Once these changes were made, I init 6’ed the system and it booted successfully. I’ve created quite a grub cheat sheet over the years (this made recovery a snap), and will post it here once I get it cleaned up.

Figuring out what a hung Solaris process is doing inside the kernel

I had a a process hang last week on one of my Solaris hosts, and was curious what each thread was doing.
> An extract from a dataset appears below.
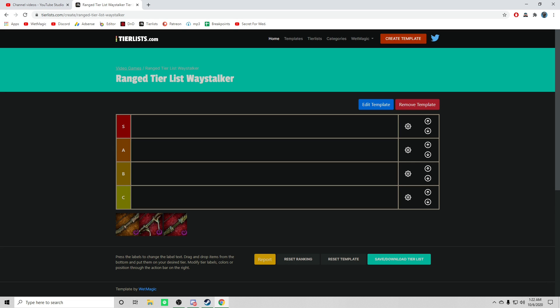What's going on everybody and welcome to the ranged weapon tier list for our girl Waystalker from Tag 2 edition. So starting off in C tier, I've got the swift bow.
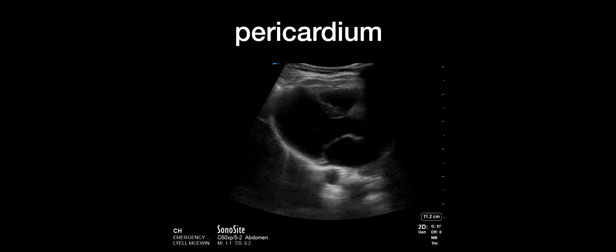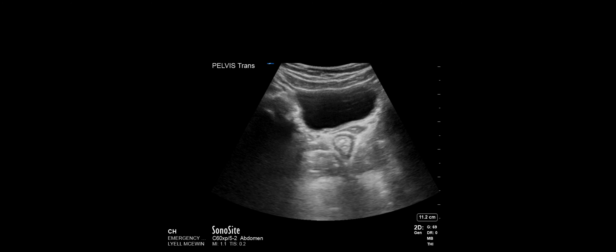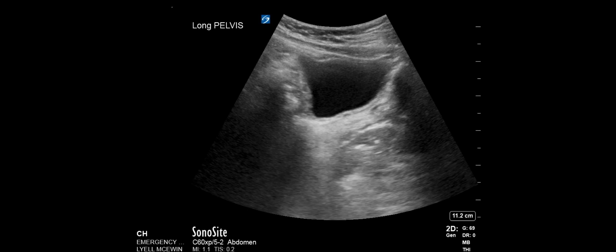Modified to a parasternal long axis view — there's an absence of pericardial effusion. This view is used when we can't get good subcostal views. Looking at the pelvis longitudinally and transversely, there's no free fluid. The key learning point: a negative E-FAST does not equate to no injury. You can still have significant fractures and solid organ injuries that are contained. It gives you a guide to severity and whether early surgical intervention is needed.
The mdb utility is perfect for locating this information, since you an combine pid2proc with the walk and findstack dcmds to get the call stack of each thread in a process (in the example below, I am examining process id 48):

$ mdb -k

> 0t48::pid2proc |::walk thread |::findstack -v
stack pointer for thread ffffff02d6fd1080: ffffff000fac1df0
[ ffffff000fac1df0 _resume_from_idle+0xf1() ]
  ffffff000fac1e20 swtch+0x147()
  ffffff000fac1e80 cv_wait_sig_swap_core+0x170(ffffff02d6fd1256, ffffff02d6fd1258, 0)
  ffffff000fac1ea0 cv_wait_sig_swap+0x18(ffffff02d6fd1256, ffffff02d6fd1258)
  ffffff000fac1ec0 pause+0x48()
  ffffff000fac1f10 sys_syscall32+0x101()
stack pointer for thread ffffff02d6fccc00: ffffff0011184d10
[ ffffff0011184d10 _resume_from_idle+0xf1() ]
  ffffff0011184d50 swtch_to+0xe5(ffffff02eae948e0)
  ffffff0011184db0 shuttle_resume+0x328(ffffff02eae948e0, ffffffffc00c2ed0)
  ffffff0011184e50 door_return+0x21a(fedae9f8, 408, 0, 0, fedaee00, f5f00)
  ffffff0011184ec0 doorfs32+0x134(fedae9f8, 408, 0, fedaee00, f5f00, a)
  ffffff0011184f10 sys_syscall32+0x101()
stack pointer for thread ffffff02d6b18c20: ffffff000ff00d30
[ ffffff000ff00d30 _resume_from_idle+0xf1() ]
  ffffff000ff00d60 swtch+0x147()
  ffffff000ff00db0 shuttle_swtch+0x259(ffffffffc00c2ed0)
  ffffff000ff00e50 door_return+0x242(0, 0, 0, 0, fec9ee00, f5f00)
  ffffff000ff00ec0 doorfs32+0x134(0, 0, 0, fec9ee00, f5f00, a)
  ffffff000ff00f10 sys_syscall32+0x101()
stack pointer for thread ffffff02d6abb400: ffffff000f9dab30
[ ffffff000f9dab30 _resume_from_idle+0xf1() ]
  ffffff000f9dab60 swtch+0x147()
  ffffff000f9dabe0 cv_timedwait_sig_internal+0x1d6(ffffff02d60a30dc, ffffff02d60a30e0, fb24, 0)
  ffffff000f9dac10 cv_timedwait_sig+0x1f(ffffff02d60a30dc, ffffff02d60a30e0, fb24)
  ffffff000f9dac40 kcf_svc_wait+0x86(ffffff000f9dac5c)
  ffffff000f9dacc0 cryptoadm_ioctl+0xe0(9a00000000, 790d, feb91fc0, 100003, ffffff02d5747248, 
  ffffff000f9dade4)
  ffffff000f9dad00 cdev_ioctl+0x45(9a00000000, 790d, feb91fc0, 100003, ffffff02d5747248, 
  ffffff000f9dade4)
  ffffff000f9dad40 spec_ioctl+0x83(ffffff02d68eca00, 790d, feb91fc0, 100003, ffffff02d5747248, 
  ffffff000f9dade4, 0)                
  ffffff000f9dadc0 fop_ioctl+0x7b(ffffff02d68eca00, 790d, feb91fc0, 100003, ffffff02d5747248, 
  ffffff000f9dade4, 0)
  ffffff000f9daec0 ioctl+0x18e(3, 790d, feb91fc0)
  ffffff000f9daf10 sys_syscall32+0x101()
stack pointer for thread ffffff02d69fa540: ffffff000f9c1b30
[ ffffff000f9c1b30 _resume_from_idle+0xf1() ]
  ffffff000f9c1b60 swtch+0x147()
  ffffff000f9c1be0 cv_timedwait_sig_internal+0x1d6(ffffff02d616e5e0, ffffff02d616e5e8, fb24, 0)
  ffffff000f9c1c10 cv_timedwait_sig+0x1f(ffffff02d616e5e0, ffffff02d616e5e8, fb24)
  ffffff000f9c1c40 kcf_svc_do_run+0x7d()
  ffffff000f9c1cc0 cryptoadm_ioctl+0x9b(9a00000000, 790e, 8, 100003, ffffff02d5747248, 
  ffffff000f9c1de4)
  ffffff000f9c1d00 cdev_ioctl+0x45(9a00000000, 790e, 8, 100003, ffffff02d5747248, ffffff000f9c1de4)
  ffffff000f9c1d40 spec_ioctl+0x83(ffffff02d68eca00, 790e, 8, 100003, ffffff02d5747248, 
  ffffff000f9c1de4, 0)
  ffffff000f9c1dc0 fop_ioctl+0x7b(ffffff02d68eca00, 790e, 8, 100003, ffffff02d5747248, 
  ffffff000f9c1de4, 0)
  ffffff000f9c1ec0 ioctl+0x18e(3, 790e, 8)
  ffffff000f9c1f10 sys_syscall32+0x101()



It turns out the issue I encountered was due to a bug, which will hopefully be fixed in the near future.